There are two basic types of acoustic guitars: The classical guitar, which has nylon strings, and the steel-string guitar, which, interestingly enough, has steel strings. There is also a separate category that is the electric guitar, but I won’t discuss it here because it is always best to start your education on an acoustic guitar. This post is meant to help you decide on which of the two types of acoustic guitar it is best for you to start with.

 


The Classical Guitar

 

The classical guitar has a wide neck, a relatively small body, nylon strings, and a head with holes. The sound it makes is soft, deep, and well-balanced, with a good bass register. It is the universal instrument, and the styles of music that can be played on it include classical, jazz, flamenco, and pop.

This guitar has a long history, and it is the ancestor of all modern types of guitars. This is the guitar on which the classical school and technique is based on, and it also works well as an accompanying instrument for vocals. However, due to the lack of transparency of its sound, it is rarely used for chord accompaniment, even though a pickup system and an equalizer can easily fix this. This guitar is used by all classical and Spanish flamenco guitarists. I also use the classical guitar to play a very wide variety of music.

 


Steel String Guitar

This is the guitar that most people imagine when they hear “acoustic” guitar, even though the classical guitar is also in the acoustic category.

This guitar has a narrow neck, a larger body than that of a classical guitar, steel strings, and a head WITHOUT holes. It sounds loud and ringy. Its bass register is not as clear as a classical guitar’s. Because of its ringing sound, it sounds great in a group as a chord accompaniment. With a pick, it produces a very powerful, full, and characterized sound. Originally, it was used only as an accompanying instrument, but later on it was used a solo instrument, with musicians such as Chet Atkins, Tommy Emmanuel, and Andy McKee using a technique called “fingerstyle.”


So which one should I use?

Any professionally trained teacher would advise you to start learning on a classical guitar, and he will be right. This type of guitar will help you master the basics of classical technique, which is the basis of all other styles of guitar technique. This “fingerstyle” technique, for example, is really just an extension of classical technique. In the long run, you will be able to play any type of guitar, but it is best and most proper to start on the classical.
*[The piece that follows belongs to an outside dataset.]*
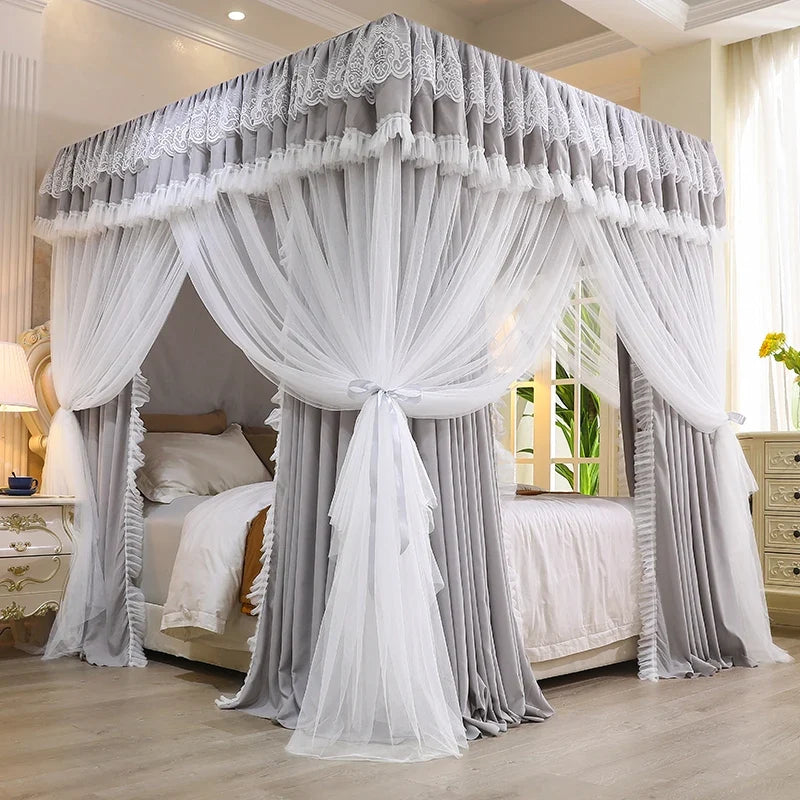 Princ Sle Double Layer Floor Length Court Mosquito Net Inteated Tee Door Opening Dust Proof Bed Curtain Bed Canopy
Nylon strings are much softer and pleasing to the touch than metal ones, so it’s a lot easier to master all the basic technical skills. Because the strings are farther apart from each other, it is easier to practice arpeggios (finger-picking patterns) in the right hand. The classical guitar also has a much wider variety of timbre possibilities, so you will be able to polish you skills in differentiating between different qualities of sound and its dependence of the angle at which you pluck the string.

Another advantage is a financial one. A fairly good-sounding student classical guitar is relatively cheap. For example, a Hohner HC-06 or a Valencia is pretty cheap and sound rather pleasant.
However, if you try to take a steel-string guitar from that price range, it is most often a very bad quality instrument with unstable tuning that dries out fast. I don’t deny the possibility that there might be cheap and good-quality steel-string guitars, but I haven’t found them. As a rule, they cost much more than classical guitars.

Whatever you do, don’t buy a guitar without consulting your teacher. Very often do people show up to their first lessons with recently bought guitars on which it’s simply impossible to play.

Finally, many people think that a classical guitar is good only for classical music. That is absolutely not true. It’s a universal instrument, and its technique will allow you to play in any style, because it is the basis of ALL guitar technique.

Notes: I often get asked if it’s possible to string a steel-string guitar with nylon strings. You can, but it will sound very bad, quiet, and weak, because steel-string guitars, as the name suggests, are built specifically for steel strings. Nylon strings sound good ONLY on classical guitars. However, never string a classical guitar with steel strings. The wood on these guitars is not strong enough to support steel strings, so it is very likely that the neck and bridge may start cracking under the tension of the strings.

Classical guitar brands: Hohner HC-06 (Or some other model, but only with nylon strings!), Valencia, Yamaha, Admira, Sanchez, Almansa.